I was thinking about how I'd be stunned if this season became the same sad story for the Cavaliers, as it has been for the other two local franchises.

I was thinking that as long as LeBron James is healthy and in uniform and as long as Gilbert is paying the bills, these guys should give fans reason to dream that a championship is possible.


"As long as James is healthy and in uniform and as lon as Gilbert is paying the bills." Gilbert is, far and away, the best owener in Cleveland sports. He's always been willing to pay top dollar for everything (the practice facility, the fire spewing scoreboard and, of course, the Cavs have the second highest payroll in the NBA).

Plus, he says shit like this:

Gilbert said all the talk of James opting out of his contract in the summer of 2010 was generated by bored reporters.

"I'm not aware from his or his camp the feelings or things that have been bandied about or thrown about or speculated. It's an insult to Cleveland, in my opinion."

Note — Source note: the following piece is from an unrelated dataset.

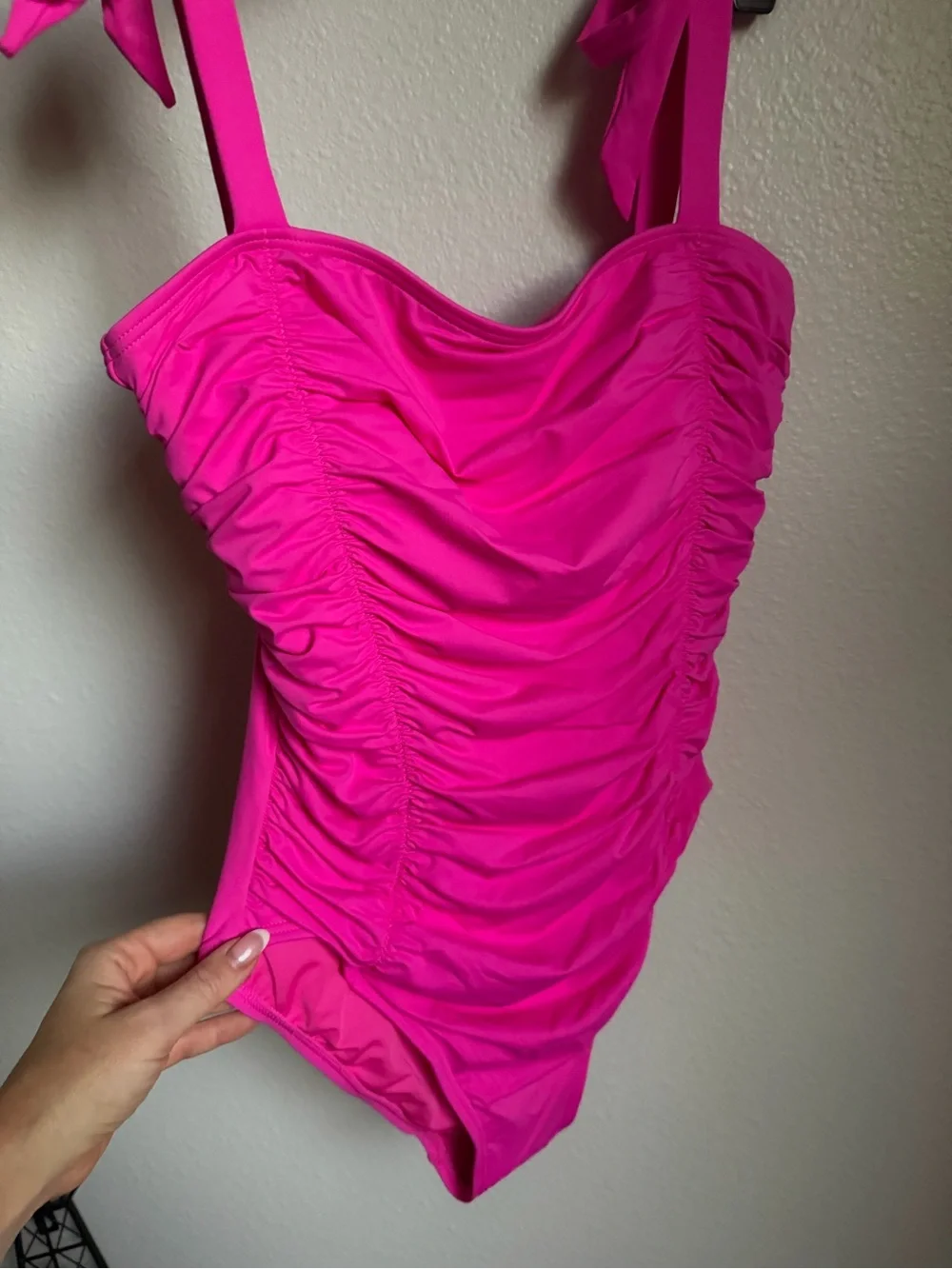 NWT Kate Spade Bow Shoulder Tie One-Piece Swimsuit Size S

and honestly, if the Browns lose this weekend, the race is on to see which franchise wins their first game.

1 comment:

Anonymous said...

The trouble is, the team with the second-highest payroll in the league can't finish with the 10th-best record, otherwise you've become the New York Mets. Or maybe the Yankees. This 08-09 Cavs team has to turn the corner and play to make a statement -- all year long. If they make the Finals again, they need to make sure it won't be considered a fluke.

I think it's great that Gilbert is ponying up the green to win. It's a breath of fresh after a summer of wonder what might have been had Shapiro and Dolan scrapped the max-value philosophy and gone for broke.

I just wonder what will happen if a couple of years of lugging around the contracts of Wally, Ben, Z, Mo, and maybe another midseason pickup don't yield a championship. The Cavs might scrap the spending and start getting younger, kind of like what the Mavs are doing right now.

What is known is that a team can't go eight figures into the luxury tax and stay there. That's a doomed business model. The only way it's going to be worthwhile is if A) LeBron stays or B) The Cavs win an NBA title before LeBron is able to leave.